Excerpts from a dataset:
========================================================================
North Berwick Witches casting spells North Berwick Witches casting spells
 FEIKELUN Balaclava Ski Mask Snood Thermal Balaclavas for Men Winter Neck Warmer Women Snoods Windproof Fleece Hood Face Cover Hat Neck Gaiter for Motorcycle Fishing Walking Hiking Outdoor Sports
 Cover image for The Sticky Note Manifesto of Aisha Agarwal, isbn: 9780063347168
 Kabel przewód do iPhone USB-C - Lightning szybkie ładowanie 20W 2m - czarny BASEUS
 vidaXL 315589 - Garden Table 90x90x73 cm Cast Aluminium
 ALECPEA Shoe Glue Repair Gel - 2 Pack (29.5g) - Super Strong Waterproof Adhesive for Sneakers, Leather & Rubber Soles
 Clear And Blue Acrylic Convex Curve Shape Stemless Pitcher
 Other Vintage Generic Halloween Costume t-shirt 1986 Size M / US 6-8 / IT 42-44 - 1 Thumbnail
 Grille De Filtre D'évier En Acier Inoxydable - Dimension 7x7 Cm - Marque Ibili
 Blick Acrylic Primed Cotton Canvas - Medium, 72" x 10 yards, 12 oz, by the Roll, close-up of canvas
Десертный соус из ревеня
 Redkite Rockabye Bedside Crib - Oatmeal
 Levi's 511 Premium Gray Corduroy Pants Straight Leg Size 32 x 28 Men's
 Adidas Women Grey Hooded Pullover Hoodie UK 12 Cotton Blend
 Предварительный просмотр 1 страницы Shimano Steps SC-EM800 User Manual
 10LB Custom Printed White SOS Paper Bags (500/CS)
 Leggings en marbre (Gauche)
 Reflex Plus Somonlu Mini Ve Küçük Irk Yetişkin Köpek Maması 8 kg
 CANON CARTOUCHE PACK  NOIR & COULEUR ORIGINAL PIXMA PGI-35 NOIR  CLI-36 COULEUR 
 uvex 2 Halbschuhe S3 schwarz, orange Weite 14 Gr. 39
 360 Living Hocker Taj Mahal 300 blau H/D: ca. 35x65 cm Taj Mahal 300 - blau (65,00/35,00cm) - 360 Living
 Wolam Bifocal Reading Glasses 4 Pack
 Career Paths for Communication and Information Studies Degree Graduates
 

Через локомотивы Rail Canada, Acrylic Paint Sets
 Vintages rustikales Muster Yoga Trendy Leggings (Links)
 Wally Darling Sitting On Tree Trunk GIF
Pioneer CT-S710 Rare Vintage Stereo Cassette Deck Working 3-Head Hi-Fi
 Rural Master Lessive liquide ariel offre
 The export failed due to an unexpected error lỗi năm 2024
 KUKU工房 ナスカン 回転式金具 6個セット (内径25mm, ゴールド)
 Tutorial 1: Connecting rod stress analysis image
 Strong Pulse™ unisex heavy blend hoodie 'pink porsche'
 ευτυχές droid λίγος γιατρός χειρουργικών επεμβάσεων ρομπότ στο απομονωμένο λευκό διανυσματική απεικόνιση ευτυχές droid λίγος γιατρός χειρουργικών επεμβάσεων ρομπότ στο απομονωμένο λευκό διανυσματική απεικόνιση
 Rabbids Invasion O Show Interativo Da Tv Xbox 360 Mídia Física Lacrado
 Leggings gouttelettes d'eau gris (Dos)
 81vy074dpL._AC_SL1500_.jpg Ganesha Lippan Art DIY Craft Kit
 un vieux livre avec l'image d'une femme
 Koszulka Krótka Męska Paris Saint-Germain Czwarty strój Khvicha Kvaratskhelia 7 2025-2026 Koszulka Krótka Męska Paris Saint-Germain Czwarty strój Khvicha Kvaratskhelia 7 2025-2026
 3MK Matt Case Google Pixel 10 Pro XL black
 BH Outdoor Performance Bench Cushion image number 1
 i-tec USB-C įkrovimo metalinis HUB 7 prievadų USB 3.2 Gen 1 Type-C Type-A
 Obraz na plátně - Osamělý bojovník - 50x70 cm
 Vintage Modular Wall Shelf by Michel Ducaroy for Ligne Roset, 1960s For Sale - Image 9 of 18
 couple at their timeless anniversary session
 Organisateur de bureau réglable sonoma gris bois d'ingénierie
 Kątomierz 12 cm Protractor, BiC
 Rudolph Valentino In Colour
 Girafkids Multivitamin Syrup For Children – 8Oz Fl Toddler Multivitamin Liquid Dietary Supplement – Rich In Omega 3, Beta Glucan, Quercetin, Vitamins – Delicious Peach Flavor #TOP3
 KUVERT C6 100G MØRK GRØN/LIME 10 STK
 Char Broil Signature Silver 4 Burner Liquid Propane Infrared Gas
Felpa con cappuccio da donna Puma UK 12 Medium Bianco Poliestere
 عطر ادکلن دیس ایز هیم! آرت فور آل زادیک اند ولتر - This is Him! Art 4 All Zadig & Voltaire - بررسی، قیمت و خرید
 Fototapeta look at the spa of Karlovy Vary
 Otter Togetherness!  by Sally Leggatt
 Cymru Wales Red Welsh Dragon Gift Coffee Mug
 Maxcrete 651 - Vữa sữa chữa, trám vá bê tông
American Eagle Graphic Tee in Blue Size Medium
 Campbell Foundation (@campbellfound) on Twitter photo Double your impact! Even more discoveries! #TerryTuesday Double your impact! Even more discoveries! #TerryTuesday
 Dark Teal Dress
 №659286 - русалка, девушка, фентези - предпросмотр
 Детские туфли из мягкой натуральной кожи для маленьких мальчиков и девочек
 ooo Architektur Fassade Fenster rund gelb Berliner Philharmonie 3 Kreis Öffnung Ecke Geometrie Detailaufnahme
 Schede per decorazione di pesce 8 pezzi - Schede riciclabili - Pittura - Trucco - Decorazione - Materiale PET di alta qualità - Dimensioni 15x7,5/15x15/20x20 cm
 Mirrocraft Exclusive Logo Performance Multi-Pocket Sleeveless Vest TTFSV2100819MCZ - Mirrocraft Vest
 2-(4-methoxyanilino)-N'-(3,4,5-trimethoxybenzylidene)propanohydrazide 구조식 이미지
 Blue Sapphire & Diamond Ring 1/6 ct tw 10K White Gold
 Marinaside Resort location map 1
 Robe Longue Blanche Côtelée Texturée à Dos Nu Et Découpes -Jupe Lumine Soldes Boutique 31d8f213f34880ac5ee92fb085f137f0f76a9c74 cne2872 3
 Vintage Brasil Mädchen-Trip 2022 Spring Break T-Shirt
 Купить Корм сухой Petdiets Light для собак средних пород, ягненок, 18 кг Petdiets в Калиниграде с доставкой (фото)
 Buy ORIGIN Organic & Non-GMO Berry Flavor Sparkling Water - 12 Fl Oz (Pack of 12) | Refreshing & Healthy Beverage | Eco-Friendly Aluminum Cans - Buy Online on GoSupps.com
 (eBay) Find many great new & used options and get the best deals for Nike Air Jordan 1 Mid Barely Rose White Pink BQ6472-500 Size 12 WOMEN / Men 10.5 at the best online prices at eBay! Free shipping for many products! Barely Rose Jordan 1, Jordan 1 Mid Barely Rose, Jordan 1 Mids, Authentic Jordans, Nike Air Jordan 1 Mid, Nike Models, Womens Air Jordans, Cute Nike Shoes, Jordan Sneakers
========================================================================
** What to do **
What are the lines, exactly as written above, from the line with "фентези - предпросмотр" to the line with "ooo Architektur Fassade", both included? Output only those.

** Task result **
 №659286 - русалка, девушка, фентези - предпросмотр
 Детские туфли из мягкой натуральной кожи для маленьких мальчиков и девочек
 ooo Architektur Fassade Fenster rund gelb Berliner Philharmonie 3 Kreis Öffnung Ecke Geometrie Detailaufnahme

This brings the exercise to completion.